What needs to be done:
Beneath this instruction is a block of data; output from it exactly the lines that run from the one containing "Photo of 7923 Glenview Drive" through the one containing "440 Chestnut Avenue", inclusive.

--------------------------------

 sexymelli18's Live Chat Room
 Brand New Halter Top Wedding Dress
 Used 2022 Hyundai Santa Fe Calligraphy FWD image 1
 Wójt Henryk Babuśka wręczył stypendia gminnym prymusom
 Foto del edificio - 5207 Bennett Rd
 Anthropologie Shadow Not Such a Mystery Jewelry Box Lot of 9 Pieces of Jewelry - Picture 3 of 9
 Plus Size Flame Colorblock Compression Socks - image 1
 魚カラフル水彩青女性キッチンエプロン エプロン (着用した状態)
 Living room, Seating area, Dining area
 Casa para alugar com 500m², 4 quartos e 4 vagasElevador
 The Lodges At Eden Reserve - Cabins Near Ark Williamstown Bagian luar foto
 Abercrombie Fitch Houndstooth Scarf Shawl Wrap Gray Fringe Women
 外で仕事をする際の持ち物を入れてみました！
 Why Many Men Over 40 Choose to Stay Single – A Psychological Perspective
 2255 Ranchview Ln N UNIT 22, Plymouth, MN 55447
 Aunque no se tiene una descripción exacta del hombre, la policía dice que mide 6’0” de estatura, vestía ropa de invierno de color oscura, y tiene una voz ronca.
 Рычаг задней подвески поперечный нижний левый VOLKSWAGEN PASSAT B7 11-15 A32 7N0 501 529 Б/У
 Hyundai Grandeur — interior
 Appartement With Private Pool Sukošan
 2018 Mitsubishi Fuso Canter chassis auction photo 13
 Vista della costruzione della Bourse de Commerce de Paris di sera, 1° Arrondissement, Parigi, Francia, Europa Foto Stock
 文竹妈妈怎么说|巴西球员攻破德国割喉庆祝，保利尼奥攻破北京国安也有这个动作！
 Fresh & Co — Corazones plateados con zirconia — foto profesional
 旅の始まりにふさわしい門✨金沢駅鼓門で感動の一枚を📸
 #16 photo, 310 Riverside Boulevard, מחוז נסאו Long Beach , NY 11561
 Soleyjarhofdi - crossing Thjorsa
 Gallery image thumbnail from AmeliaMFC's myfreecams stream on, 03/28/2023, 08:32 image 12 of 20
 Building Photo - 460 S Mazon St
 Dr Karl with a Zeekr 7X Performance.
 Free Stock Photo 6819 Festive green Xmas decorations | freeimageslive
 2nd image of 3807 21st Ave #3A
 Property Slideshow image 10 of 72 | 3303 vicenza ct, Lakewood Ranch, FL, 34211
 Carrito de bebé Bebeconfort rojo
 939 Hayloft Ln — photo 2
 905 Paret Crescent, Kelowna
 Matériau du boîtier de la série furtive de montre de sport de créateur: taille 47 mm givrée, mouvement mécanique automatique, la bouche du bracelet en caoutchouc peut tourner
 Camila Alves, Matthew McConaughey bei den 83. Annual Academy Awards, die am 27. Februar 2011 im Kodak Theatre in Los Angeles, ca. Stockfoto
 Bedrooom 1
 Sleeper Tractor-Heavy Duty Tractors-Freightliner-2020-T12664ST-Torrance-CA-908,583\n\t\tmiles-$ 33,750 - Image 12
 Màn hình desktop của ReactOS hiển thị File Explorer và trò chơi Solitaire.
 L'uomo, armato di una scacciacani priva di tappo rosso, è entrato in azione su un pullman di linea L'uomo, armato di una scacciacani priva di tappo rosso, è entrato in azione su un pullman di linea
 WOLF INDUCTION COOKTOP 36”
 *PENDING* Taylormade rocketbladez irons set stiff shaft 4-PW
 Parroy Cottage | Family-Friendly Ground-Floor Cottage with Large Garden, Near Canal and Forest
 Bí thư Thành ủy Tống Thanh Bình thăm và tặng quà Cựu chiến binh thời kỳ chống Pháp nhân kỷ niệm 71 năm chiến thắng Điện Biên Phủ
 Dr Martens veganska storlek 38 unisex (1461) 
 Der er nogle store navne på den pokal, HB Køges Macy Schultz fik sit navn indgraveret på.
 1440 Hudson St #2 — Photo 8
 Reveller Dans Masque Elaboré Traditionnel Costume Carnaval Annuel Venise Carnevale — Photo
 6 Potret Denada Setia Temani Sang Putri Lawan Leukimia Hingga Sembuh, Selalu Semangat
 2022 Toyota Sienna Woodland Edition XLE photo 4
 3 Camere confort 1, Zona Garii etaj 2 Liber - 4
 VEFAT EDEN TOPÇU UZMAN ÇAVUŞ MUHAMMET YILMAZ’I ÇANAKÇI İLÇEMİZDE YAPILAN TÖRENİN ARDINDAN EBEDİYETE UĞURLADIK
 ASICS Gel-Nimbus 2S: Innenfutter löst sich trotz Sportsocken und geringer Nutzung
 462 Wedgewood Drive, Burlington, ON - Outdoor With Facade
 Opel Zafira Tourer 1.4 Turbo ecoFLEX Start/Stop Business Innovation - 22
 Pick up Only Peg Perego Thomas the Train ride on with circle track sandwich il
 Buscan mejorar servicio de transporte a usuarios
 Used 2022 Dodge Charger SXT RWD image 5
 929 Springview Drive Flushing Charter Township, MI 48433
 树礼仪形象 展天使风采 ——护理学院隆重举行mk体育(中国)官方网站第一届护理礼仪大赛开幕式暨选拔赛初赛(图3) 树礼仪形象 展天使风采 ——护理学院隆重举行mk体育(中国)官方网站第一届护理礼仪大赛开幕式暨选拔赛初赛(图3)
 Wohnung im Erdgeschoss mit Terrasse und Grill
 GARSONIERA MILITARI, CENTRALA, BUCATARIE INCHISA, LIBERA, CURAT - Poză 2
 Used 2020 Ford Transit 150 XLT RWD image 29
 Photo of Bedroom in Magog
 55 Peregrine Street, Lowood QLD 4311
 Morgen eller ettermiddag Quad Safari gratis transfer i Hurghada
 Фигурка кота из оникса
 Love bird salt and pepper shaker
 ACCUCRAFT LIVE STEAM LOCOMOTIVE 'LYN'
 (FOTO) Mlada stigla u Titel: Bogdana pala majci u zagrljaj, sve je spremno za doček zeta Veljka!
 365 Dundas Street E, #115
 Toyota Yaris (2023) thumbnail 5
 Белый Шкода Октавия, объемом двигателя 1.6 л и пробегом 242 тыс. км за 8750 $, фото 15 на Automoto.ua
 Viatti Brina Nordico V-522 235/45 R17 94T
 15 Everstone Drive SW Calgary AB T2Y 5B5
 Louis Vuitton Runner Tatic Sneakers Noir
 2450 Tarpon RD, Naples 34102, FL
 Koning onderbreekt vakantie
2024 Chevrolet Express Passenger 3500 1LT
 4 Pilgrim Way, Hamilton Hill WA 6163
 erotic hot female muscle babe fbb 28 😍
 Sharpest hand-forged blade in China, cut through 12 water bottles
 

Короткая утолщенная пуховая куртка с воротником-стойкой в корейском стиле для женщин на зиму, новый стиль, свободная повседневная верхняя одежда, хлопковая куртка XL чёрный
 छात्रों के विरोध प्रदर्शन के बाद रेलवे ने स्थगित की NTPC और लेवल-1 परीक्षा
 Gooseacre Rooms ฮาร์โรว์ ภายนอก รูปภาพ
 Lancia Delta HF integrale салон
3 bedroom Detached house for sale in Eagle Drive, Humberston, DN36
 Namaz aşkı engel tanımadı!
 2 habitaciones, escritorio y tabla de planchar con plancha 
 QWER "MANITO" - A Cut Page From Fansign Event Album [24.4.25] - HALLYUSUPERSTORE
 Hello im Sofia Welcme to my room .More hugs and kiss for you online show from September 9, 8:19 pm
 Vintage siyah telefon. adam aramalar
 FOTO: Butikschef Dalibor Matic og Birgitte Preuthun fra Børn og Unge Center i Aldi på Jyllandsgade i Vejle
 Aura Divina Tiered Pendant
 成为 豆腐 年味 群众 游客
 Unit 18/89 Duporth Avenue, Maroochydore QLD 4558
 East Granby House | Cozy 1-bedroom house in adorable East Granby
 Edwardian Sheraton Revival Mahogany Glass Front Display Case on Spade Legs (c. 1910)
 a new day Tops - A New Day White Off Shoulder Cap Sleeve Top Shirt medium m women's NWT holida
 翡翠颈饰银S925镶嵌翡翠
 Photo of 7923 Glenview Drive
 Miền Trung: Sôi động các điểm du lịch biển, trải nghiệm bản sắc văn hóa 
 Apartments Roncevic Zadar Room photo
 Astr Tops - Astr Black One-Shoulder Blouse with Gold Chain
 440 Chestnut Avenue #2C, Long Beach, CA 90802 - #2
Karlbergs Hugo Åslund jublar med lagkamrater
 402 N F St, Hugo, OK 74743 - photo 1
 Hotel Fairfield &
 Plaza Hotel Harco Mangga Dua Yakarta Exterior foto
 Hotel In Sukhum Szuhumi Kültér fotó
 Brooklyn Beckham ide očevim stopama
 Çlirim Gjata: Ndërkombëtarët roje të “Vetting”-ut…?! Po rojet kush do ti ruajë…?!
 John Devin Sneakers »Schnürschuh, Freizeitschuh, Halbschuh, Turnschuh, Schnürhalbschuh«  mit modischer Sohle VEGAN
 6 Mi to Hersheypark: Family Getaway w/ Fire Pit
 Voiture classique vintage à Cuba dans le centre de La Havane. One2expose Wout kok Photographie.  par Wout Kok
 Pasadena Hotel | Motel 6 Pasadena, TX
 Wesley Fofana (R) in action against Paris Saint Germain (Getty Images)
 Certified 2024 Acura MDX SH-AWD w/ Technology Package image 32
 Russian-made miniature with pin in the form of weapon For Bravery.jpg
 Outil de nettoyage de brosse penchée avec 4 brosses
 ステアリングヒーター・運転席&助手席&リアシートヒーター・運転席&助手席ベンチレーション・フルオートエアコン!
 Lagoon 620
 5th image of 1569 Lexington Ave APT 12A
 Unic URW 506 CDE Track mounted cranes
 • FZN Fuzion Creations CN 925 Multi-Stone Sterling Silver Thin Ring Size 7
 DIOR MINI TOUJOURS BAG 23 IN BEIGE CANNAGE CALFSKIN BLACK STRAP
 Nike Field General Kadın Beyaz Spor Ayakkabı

--------------------------------

Task output:
 Photo of 7923 Glenview Drive
 Miền Trung: Sôi động các điểm du lịch biển, trải nghiệm bản sắc văn hóa 
 Apartments Roncevic Zadar Room photo
 Astr Tops - Astr Black One-Shoulder Blouse with Gold Chain
 440 Chestnut Avenue #2C, Long Beach, CA 90802 - #2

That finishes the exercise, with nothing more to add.